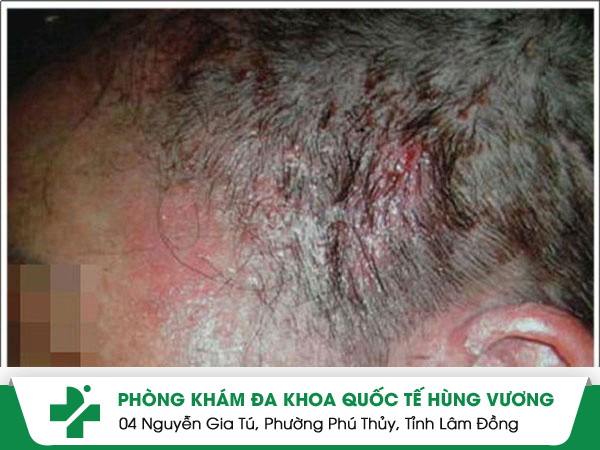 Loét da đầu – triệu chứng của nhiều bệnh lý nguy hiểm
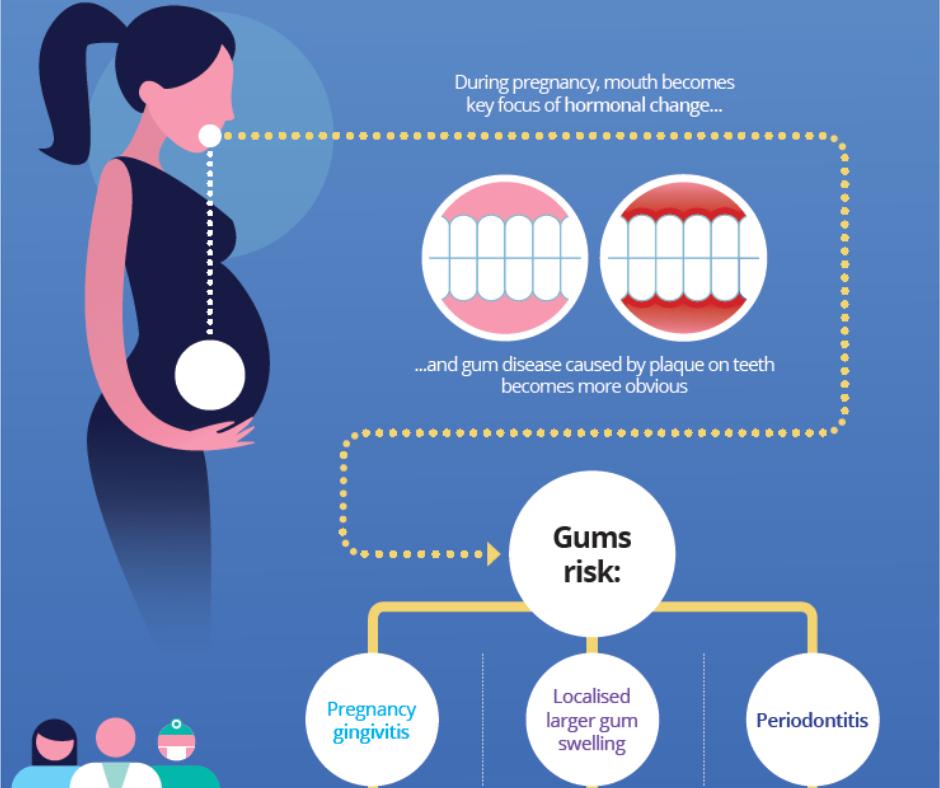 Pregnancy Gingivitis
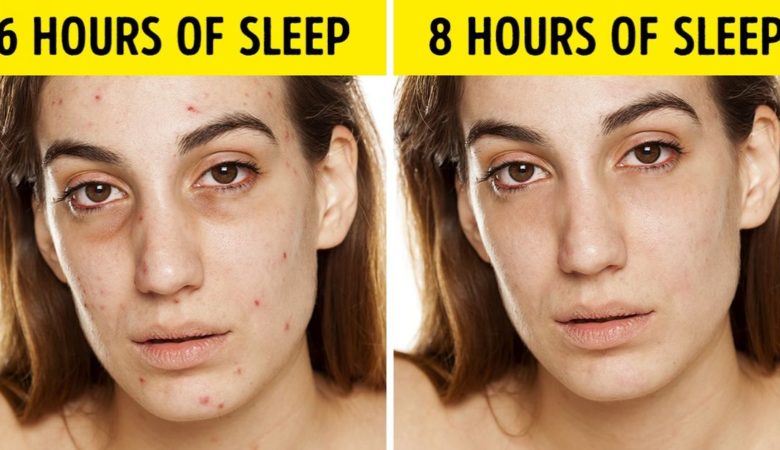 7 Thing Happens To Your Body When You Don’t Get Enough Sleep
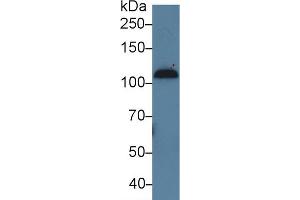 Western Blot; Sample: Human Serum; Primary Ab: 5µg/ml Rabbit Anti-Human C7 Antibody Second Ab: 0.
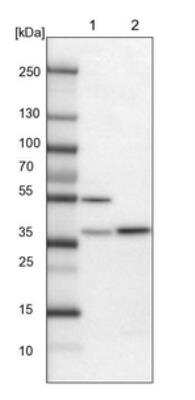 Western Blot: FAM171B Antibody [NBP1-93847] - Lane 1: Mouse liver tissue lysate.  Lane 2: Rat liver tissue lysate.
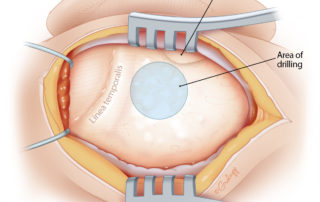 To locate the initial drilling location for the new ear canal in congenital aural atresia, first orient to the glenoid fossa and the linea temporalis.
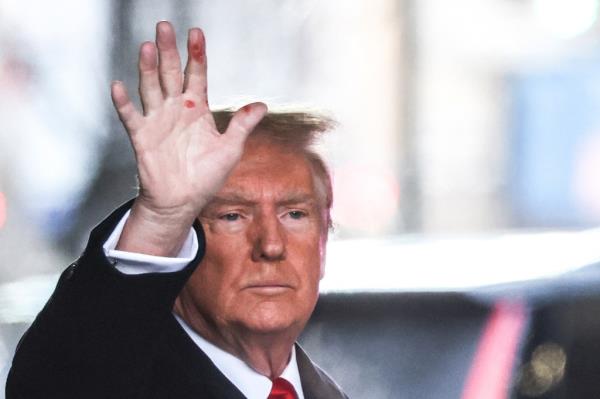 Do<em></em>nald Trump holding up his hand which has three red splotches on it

-*-

> **Assignment**
Please restate word for word the lines above, starting with the line that holds "Pregnancy Gingivitis" and ending with the final line of the records, while leaving out pictures.

> **Answer for the task**
 Pregnancy Gingivitis
 7 Thing Happens To Your Body When You Don’t Get Enough Sleep
 Western Blot; Sample: Human Serum; Primary Ab: 5µg/ml Rabbit Anti-Human C7 Antibody Second Ab: 0.
 Western Blot: FAM171B Antibody [NBP1-93847] - Lane 1: Mouse liver tissue lysate.  Lane 2: Rat liver tissue lysate.
 To locate the initial drilling location for the new ear canal in congenital aural atresia, first orient to the glenoid fossa and the linea temporalis.
 Do<em></em>nald Trump holding up his hand which has three red splotches on it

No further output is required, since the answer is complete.